Depends on your setup.
If you're talking about the SAME PC either running LINUX Host & VMWARE XP guest versus Vista Host, naturally you'd be limited in
the performance / speed / capability of things like 3D GPU hardware accelerated graphics, video games, HDTV / HD-video playback, et. al.
when using the VM since the VM doesn't support DirectX well and doesn't support your GPU fully. You'r probably also have DRM related
problems for certain media functions in the VM.
Similarly applications that are multi-threaded and CPU bound would run less well in a VM than native if the native application had
support for using 4 or more CPU cores and things like SSE2, SSE3, et. al. since the VM generally doesn't offer 4-way (or maybe even 2-way
depending on the VM) SMP support for the guest, and it may not offer good SSE support either.

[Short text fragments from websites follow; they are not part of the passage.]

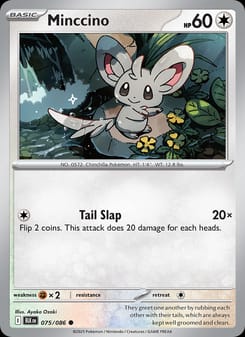 Minccino 075/086 Common – Black Bolt Pokémon card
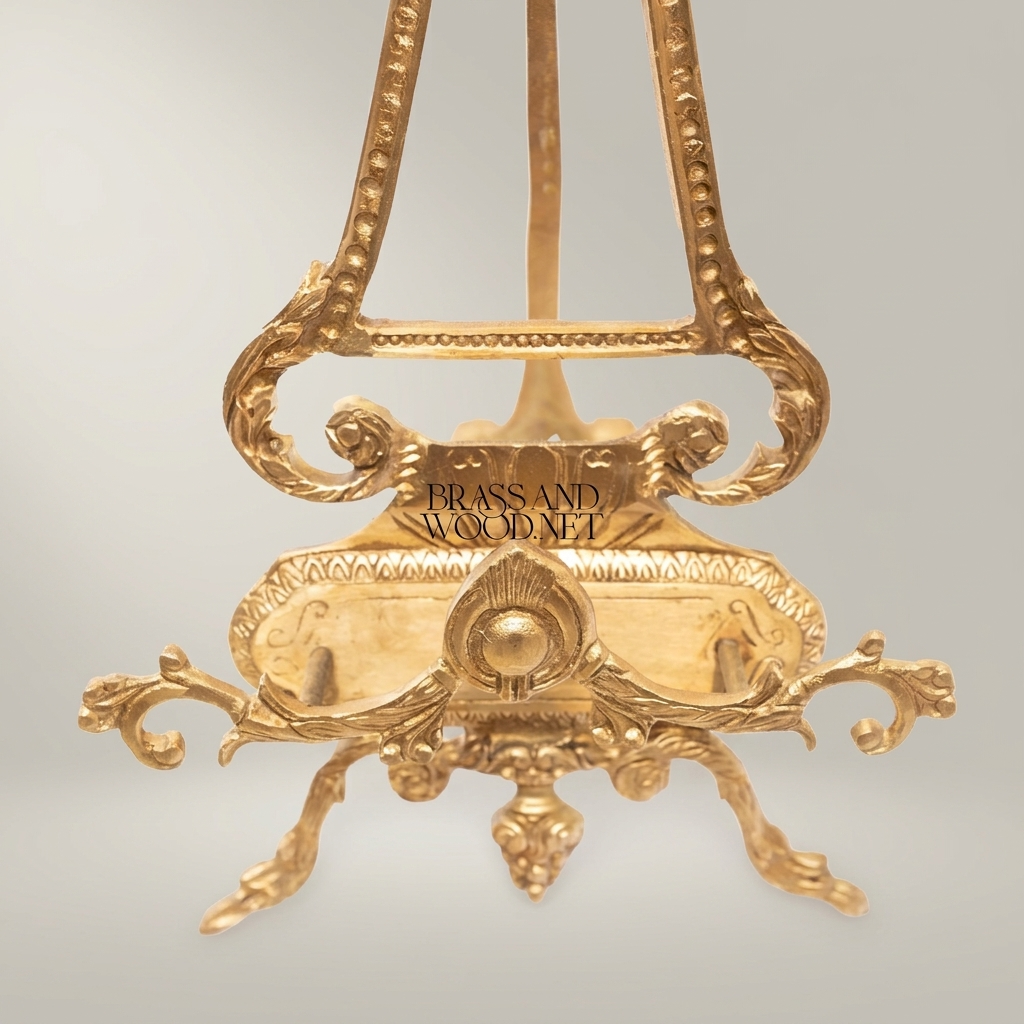 Rococo Brass Art Easel Stand with Acanthus Crown & Scroll Base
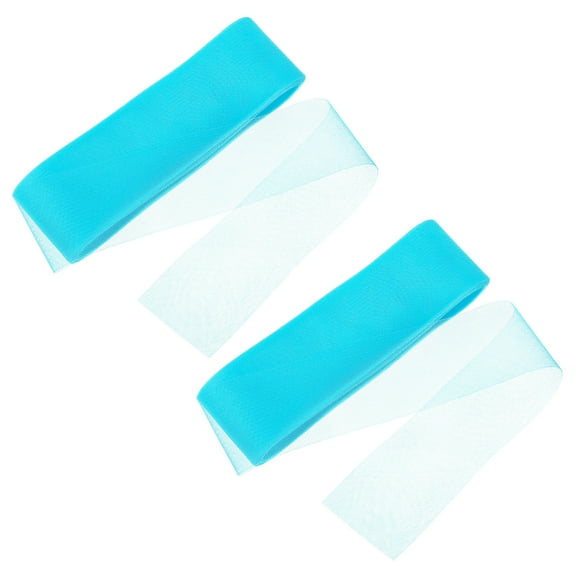 Uxcell 50 Yards 3 Inch Wide Polyester Horsehair Braid, 2 Roll Stiff Horsehair Braid for Sewing, Light Blue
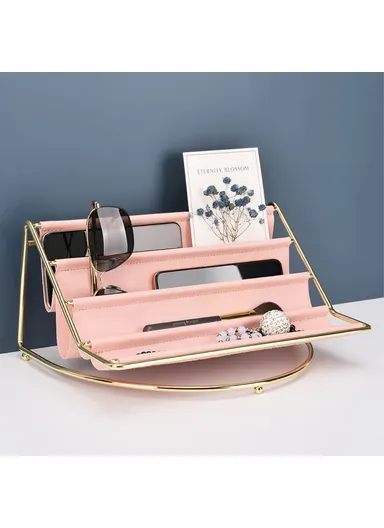 Nordic Multi-layer Desktop Organizer Multi-purpose Golden Iron Storage Tray Cosmetic Sundries Rack - Blue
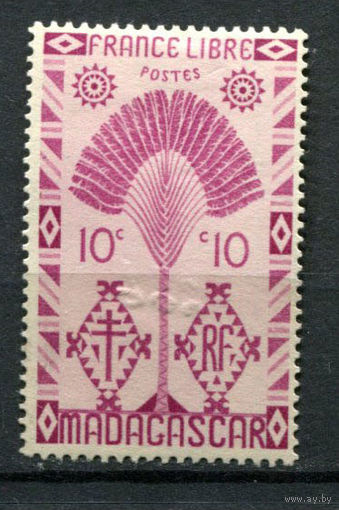 Французские колонии - Мадагаскар - 1943 - Дерево 10С - [Mi.351] - 1 марка. MH.  (Лот 139AU)
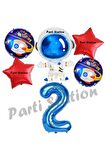 Galaksi Uzay Astronot Konsept 2 Yaş Balon Set Uzay Astronot ve Yıldız Balon Doğum Günü Balon Set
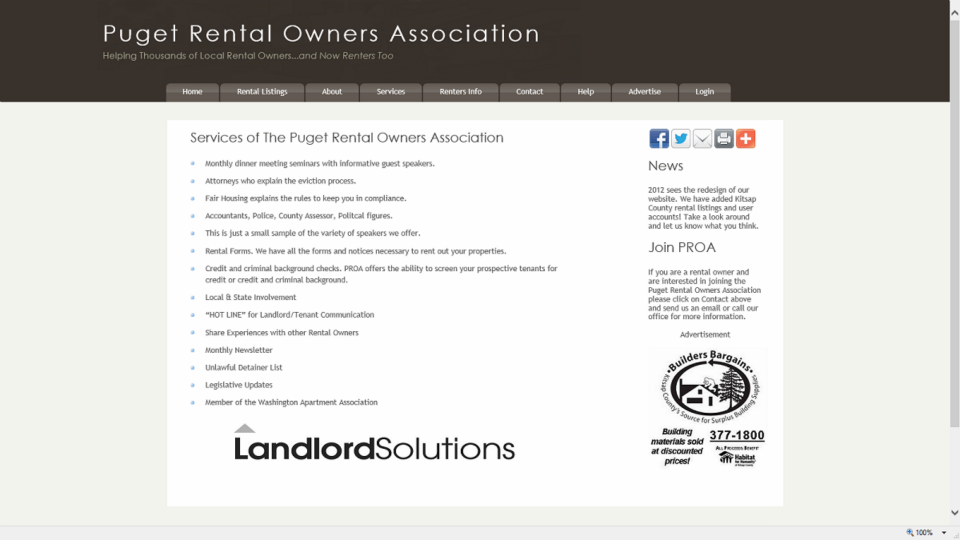 Puget Rental Owners Association Website – 2011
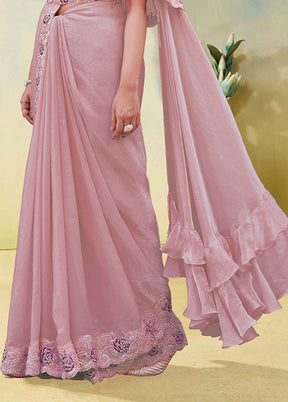 Pink Spun Silk Saree With Blouse Piece (Ready to Wear Saree)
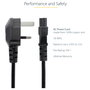 StarTech.com Cable de Alimentación para Portátil 1m BS1363 a C5 (Trébol/Mickey Mouse) 250V 2.5A - Cable de Poder UK para Cargador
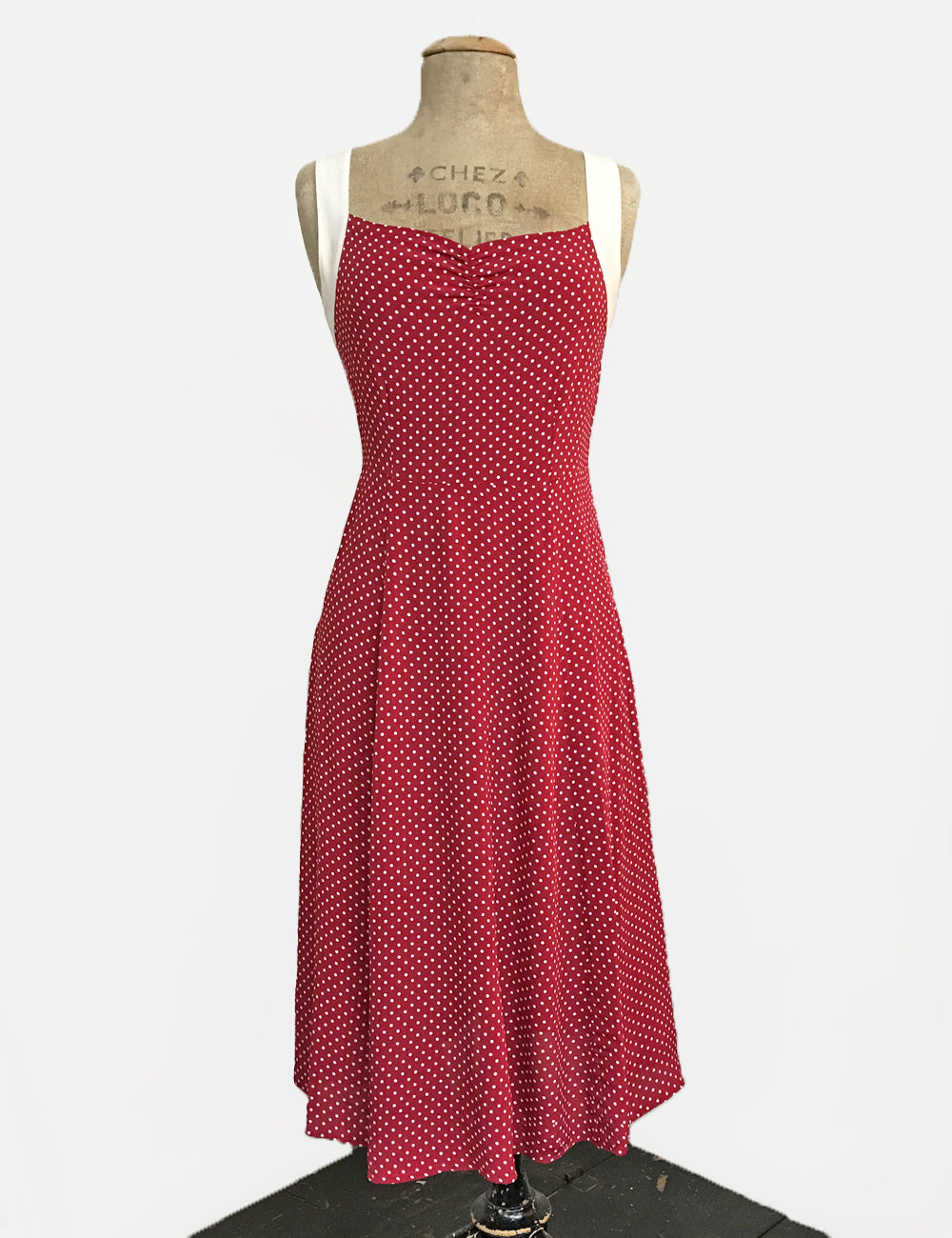 Red Hot Polka Dot Vintage Style Sleeveless Mi Amor Dress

Similarly if the application uses lots of physical memory, as in more than 2-6 GB it might run less well in the VM due to the reduced available
memory available after sharing the system RAM with the host OS and hypervisor.
If you look at raw file I/O peformance, and general purpose compute capability, though, running XP in a VM is often faster than running
it on native hardware. It certainly installs, reboots, boots a lot faster in a VM than native, probably faster than a native Vista in many
hardware configurations.
If your needs can be met by XP under VirtualBox with a LINUX host, given the I/O device virtualization limits, CPU SMP virtualization limits,
GPU limits, et. al. then I'd say that's probably going to be faster and more convenient than just running VISTA native assuming you have
some benefits besides just cost of running LINUX in the picture.
If you're encoding video, doing media center stuff, playing HD-DVDs or HD-Video, playing video games, doing CAD or graphic arts at high
resolution, et. al. just run a native version of Vista 64 or whatever.